Last year, the governor employed over 20 nurse tutors to boost the ones in the school. In the same year, 26 tutors were employed for the School of Health Technology to improve the teaching staff of the institution.
And to ensure that death on the highways are minimised. The government had commenced the street ambulance program. On the major highways, well-equipped ambulances at different points on the highway will soon be stationed to take care of emergencies. This, THISDAY gathered will be backed up by health workers, doctors and paramedics that were sourced from the OYES [the state youth empowerment scheme] cadets who have been further trained to be on ground to handle such emergencies.
Aregbesola reiterated his commitment to providing quality health care delivery to the people, while overhauling the entire health care delivery system of the state.
He stressed that the government had spent N220 million on the procurement of drugs for the free health programme.
"Several other steps have been taken to uplift our health care delivery system from the deplorable state in which we met it; these include the renovation of nine hospitals.
"Others are the purchase of additional 19 ambulances, procurement of medical equipment, furniture and electrical appliances."
In its two years, several of the biggest projects undertaken by Aregbesola's administration to transform the state he says were aimed at building a good future for the children.
"We are talking about the future of Nigeria. It is these children that will sustain the any nation and if we refuse to care for them today, then we may be putting that future in jeaopardy."
The state government is currently constructing scores of new schools across the state, including 100 elementary schools, 50 middle schools and 21 high schools. Pupils in primary one to four are being fed daily, while the tablets of knowledge, tagged opon-imo, would soon be made available for final year high schools students.
The administration also initiated a schools uniform project. The governor explains that several thousands of new jobs would be created, and about N3bn would go into the pockets of the ordinary citizens.
But for all these, the man who claimed he is on a rescue mission in Osun seems to know more is needed to take the State to an enviable height, so, he says, "We are not there yet, but we are well on the way."
In recognition of his developmental strides and good governance in Osun, the NEPAD Business Group, Nigeria (NBGN) has honoured the governor with an award of Excellence and Good Governance.
According to Mr. Goodie Ibru, the Chairman of NBGN, ten governors were chosen after a rigorous screening exercise undertaken by a six man group of experts gathering and analysing information about the activities of the governors in their respective state.

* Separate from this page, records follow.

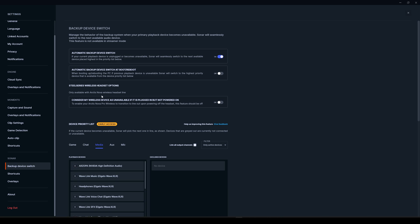Another important thing is this submenu here: 'Consider my wireless device as unavailable if it's plugged but not powered on.' This means that if you're using, for example, the Arctis Nova Pro Wireless—the DAC, the receiver, and the headset—if you turn it off, it will consider it unavailable. I don't want this because in my specific example, I'm using the output of this device for a soundbar, so I want this device to be used for media. But if you don't have anything connected there and you only have your headset connected to the DAC of the Arctis Nova Pro Wireless, then this should be turned on or off, depends on you.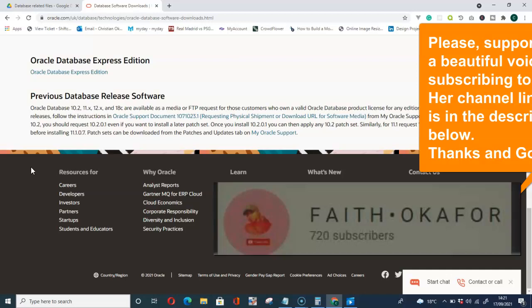But please, to support me and to support yourself, if you successfully installed this software, don't forget to comment in the comment section for me to know how it went with you.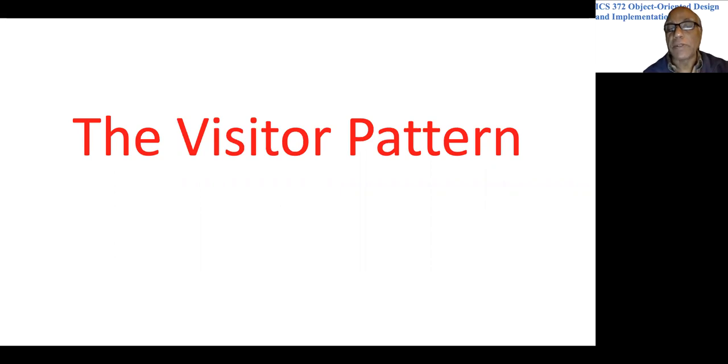In this video we are looking at a design pattern called Visitor. This is a very powerful pattern and it can be used to introduce new functionality to a hierarchy of classes even after the system has been fully implemented. We don't have to go into the system to make this modification. It is not applicable to all parts of an object-oriented system, but it can be used to add functionality on a hierarchy of classes.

The group considered the performance of the governors in the context of poverty reduction programmes and policies, infrastructural renewal and development, youth empowerment projects, health development programmes, sustainable environmental projects and policies and lastly public/private partnership initiative.

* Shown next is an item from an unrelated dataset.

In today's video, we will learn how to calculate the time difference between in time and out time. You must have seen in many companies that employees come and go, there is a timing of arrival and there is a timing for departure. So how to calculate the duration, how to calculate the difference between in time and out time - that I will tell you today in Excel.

In arriving at its judgment ratified by the NBGN Board, Mr. Ibru says, 'the group was never unmindful that the awardees still have a lot of work at hand in spite of the realities and peculiarities of their respective states'.
NBGN Award of Excellence and Good Governance was instituted to appreciate and motivate the governors so that they can further deliver democracy dividends and consequently achieve the elusive Millennium Development Goals (MDG).